Growing up so close to China, I was inevitably exposed to the intricacies of its lunar zodiac, with 12 bird and animal signs, each one influencing the personality and fortunes of a person born under its care and setting the tone for the year. Ever since I moved to the US, I missed this part of the new-year festivities. Because the beginning of a lunar year tends to fall in January or February, it also adds something else to look forward to after all the merriment of the holiday season fizzles out.
So, as the Year of the Dragon approached in February 2012, I decided to finally attend the Lunar New Year Parade in DC Chinatown, our Chinablock, really– it’s so small. I liked how our largely unplanned ramblings fell together that day. I will be repeating the route this year on 10 February 2013 to greet the Year of the Snake (it’s Water Snake, by the way: In addition to the 12 signs, each year also bears the mark of one of the five zodiac elements–wood, fire, earth, metal, or water, each with its own color, patron planet, auspicious season, and other whims).
The 2.5-hour parade starts at 1 pm from I and 6th Streets, but crowds begin to assemble after noon. We arrived a little earlier, as streets were still relatively empty, but already cheerful in anticipation. The traditional Friendship Arch on H and 7th Streets invites you toward the end of the parade route, where a stage is set up on H and 6th. I found the area by the stage to be the best place to view the action, since all activity eventually focuses here, and it is easy to leave the crowds once you’ve had your fill. The parade’s organizers also recommend setting up camp anywhere along 7th Street–apparently, the entire route is scenic.

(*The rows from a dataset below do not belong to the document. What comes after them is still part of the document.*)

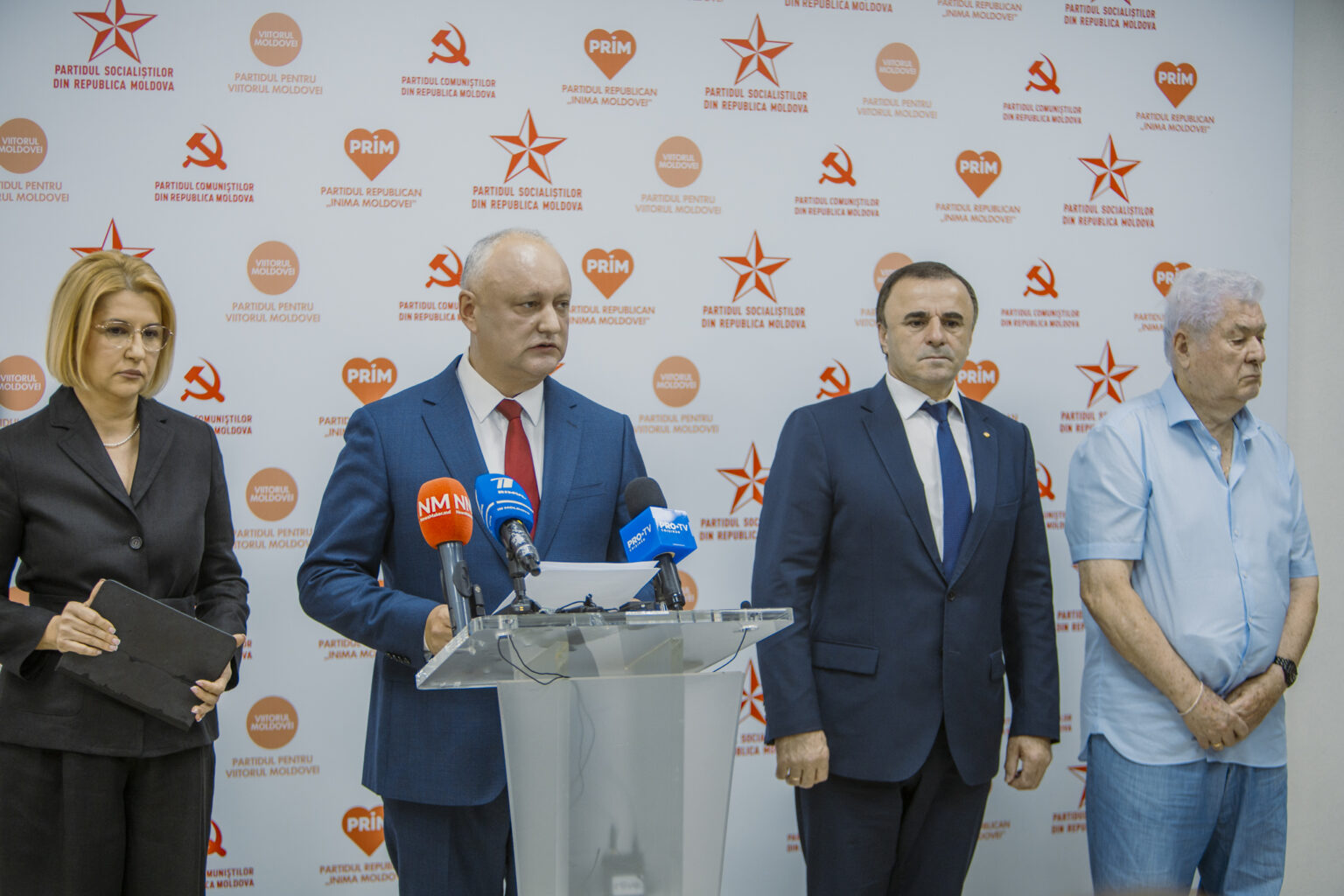 Raport: Donații nedeclarate și servicii necontabilizate în campania Blocului „Patriotic” din 2025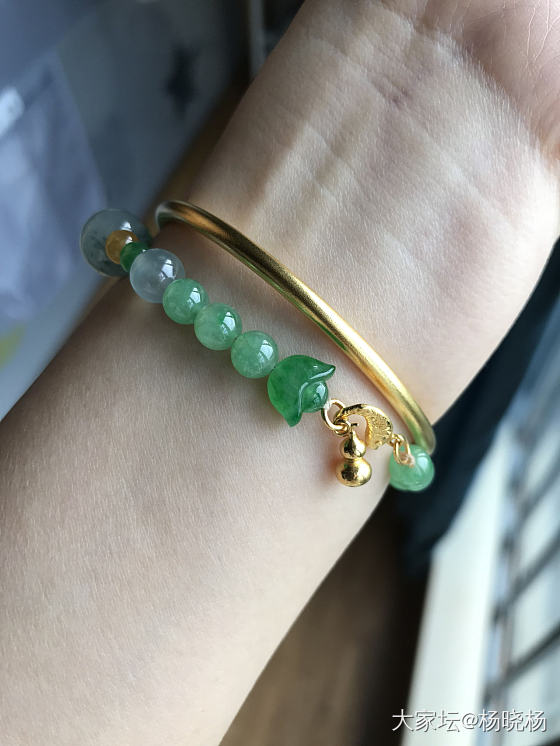 水贝买手镯归来_翡翠金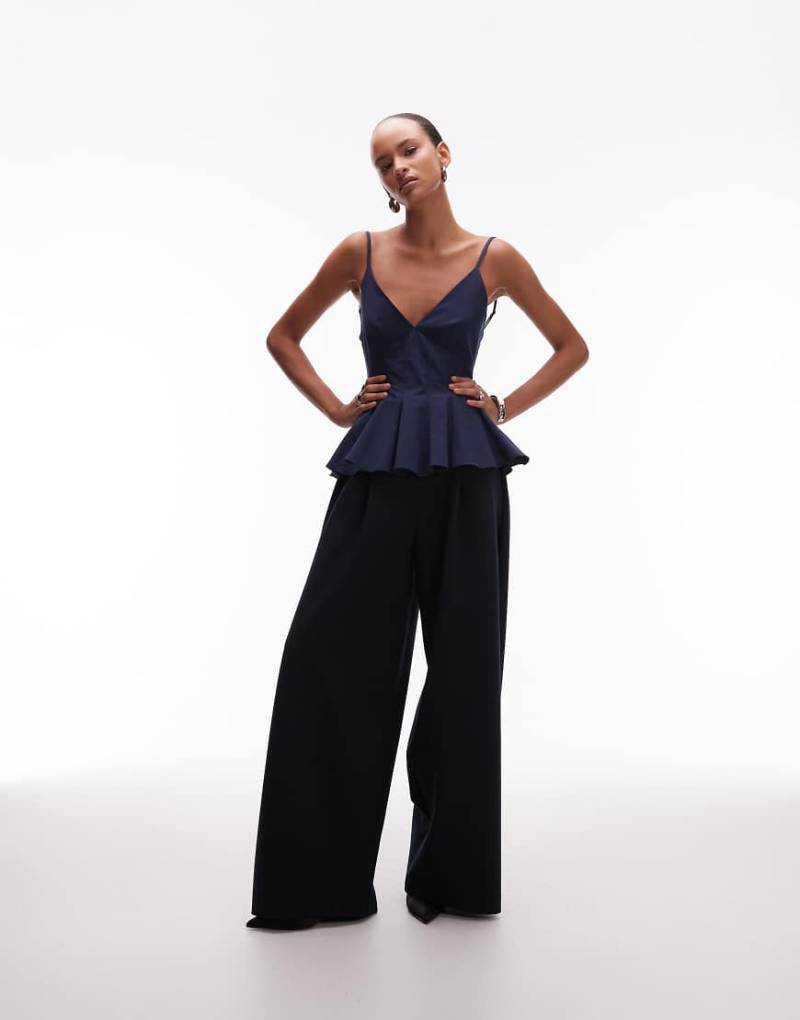 ASOS DESIGN - Barrel-Leg-Hose im Oversize-Stil in Marineblau mit Balloon Fit von ASOS DESIGN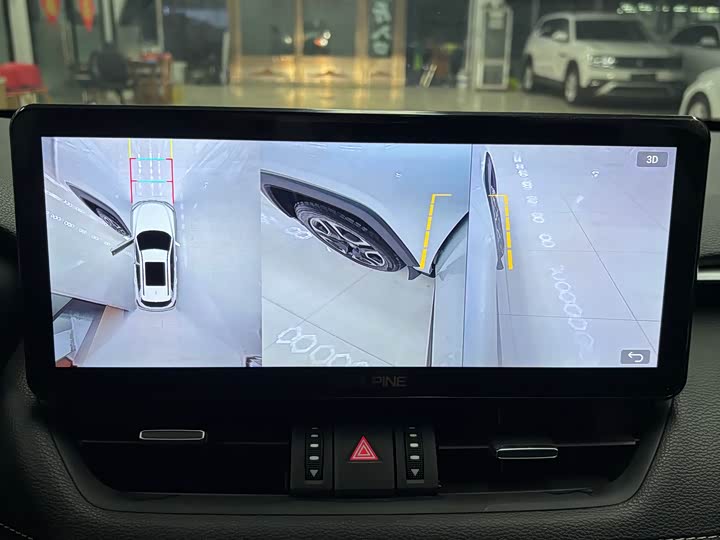 Фото 13 - Toyota RAV4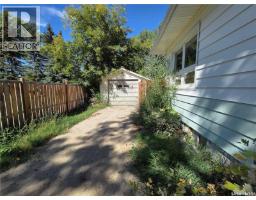 311 Pottery Street, Eastend, SK S0N0T0 Photo 48
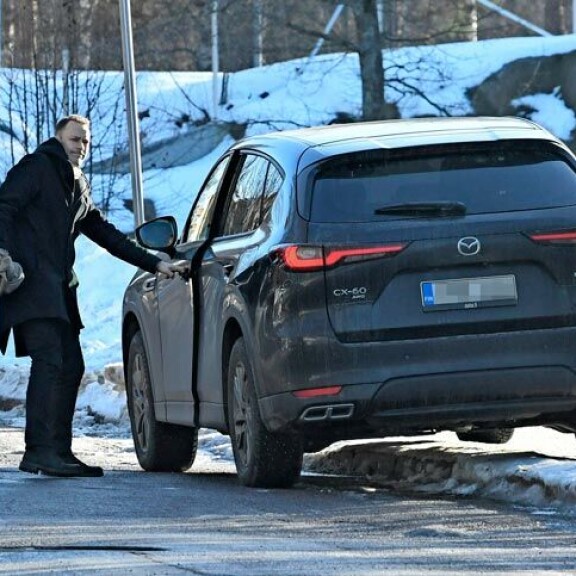 Pääministerin puoliso osaa arvostaa autossa suorituskykyä. Valmistaja mainostaa kyseisen auton olevan kaikkien aikojen tehokkain Mazda-malli.  Autolla pääsee tarvittaessa myös vaikka paparazzeja karkuun, sillä se kiihtyy nollasta sataan vain 5,8 sekunnissa! Pääministerin puoliso osaa arvostaa autossa suorituskykyä. Valmistaja mainostaa kyseisen auton olevan kaikkien aikojen tehokkain Mazda-malli.  Autolla pääsee tarvittaessa myös vaikka paparazzeja karkuun, sillä se kiihtyy nollasta sataan vain 5,8 sekunnissa!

Early arrival lets you in on some of my favorite moments of any street festival: the prep frenzy. Groups of performers begin to assemble their costumes; colorful dragon heads rest on the asphalt, their mouths agape; the performers’ families wander around, trying on props they are not supposed to touch–it’s all great fun to watch.
As all of this colorful drama unfolded, we did not notice that we’ve drifted away from the main parade grounds. This got us to the greatest find of the day: We stumbled upon two small parks on the crossroads of Massachusetts Avenue and I St. (Seaton and Milian Parks, I later learned). Schools and dance groups participating in the parade waited there for their turn, some of them rehearsing their dragon dances, others milling around. In either case, as long as you stay out of the way, this is a great chance to see the costumes up close and preview some of the parade’s main attractions.

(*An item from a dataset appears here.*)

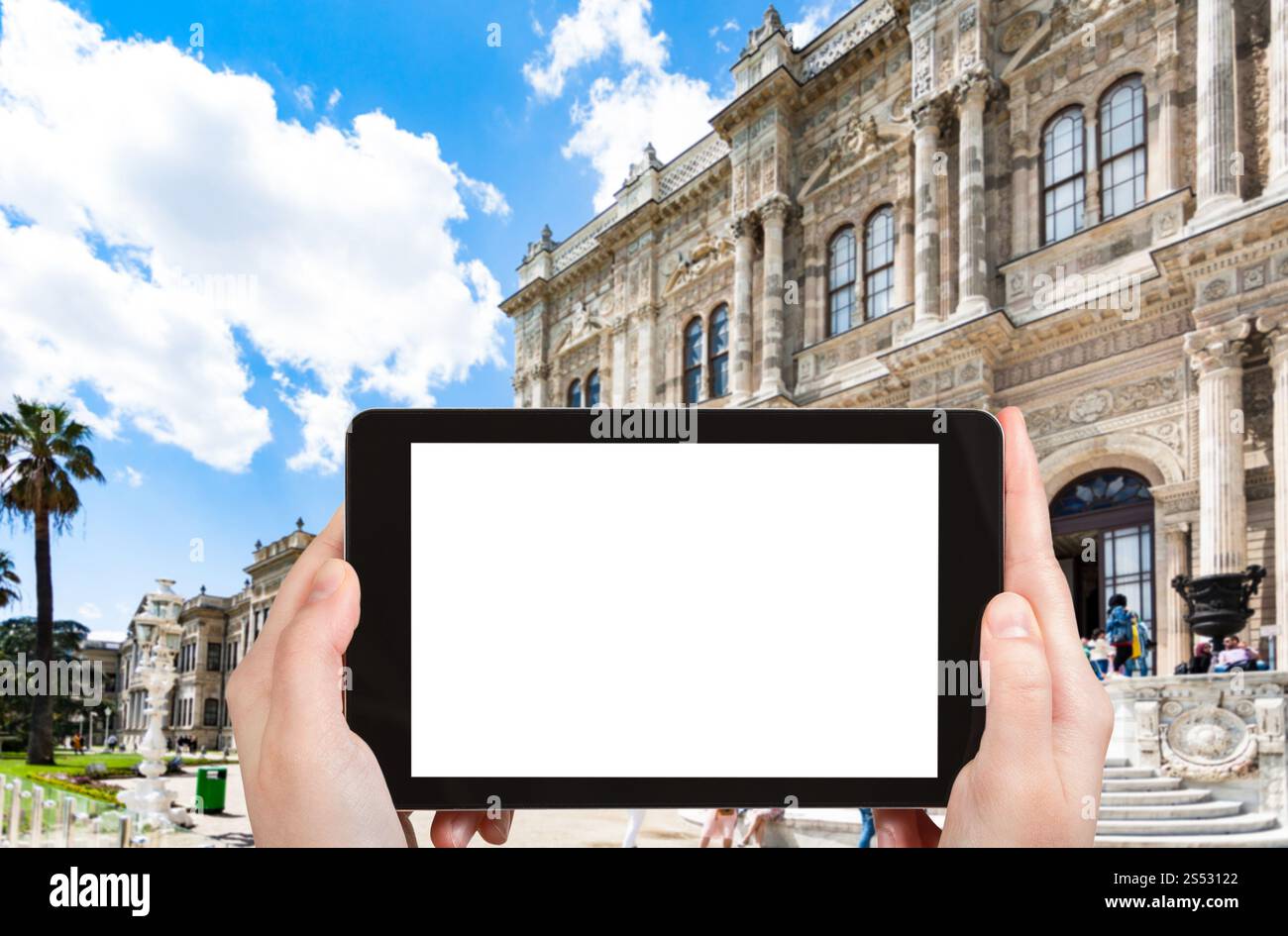 Reisekonzept - Touristenfotos des Dolmabahce Palastes in Istanbul Stadt in der Türkei auf Smartphone mit leerem Ausschnittbildschirm mit leerem Platz für Stockfoto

We could have stayed by those parks for the duration of the parade, watching each group arrive and spruce up for their time in the spotlight, but we had a reservation for lunch at the nearby Ping Pong Dim Sum (note to self: such awkward timing. Instead, eat a hearty late breakfast before you come and then get a reservation for later in the afternoon as the performances wind down and you get too sick of crowds).
After lunch, we squeezed in by the stage–not an easy task, but we managed–and stuck around for several stage numbers.
All the pushing and pulling through the masses quickly got old, and, once we felt satiated with the day’s spectacle, off we headed to the National Portrait Gallery for a hot cup of tea and the bite-sized and always excellent Portraiture Now exhibit on the first floor. Bustling Chinatown behind us, we were ready for the year ahead and already looking forward to the Persian New Year, Nowruz, in March.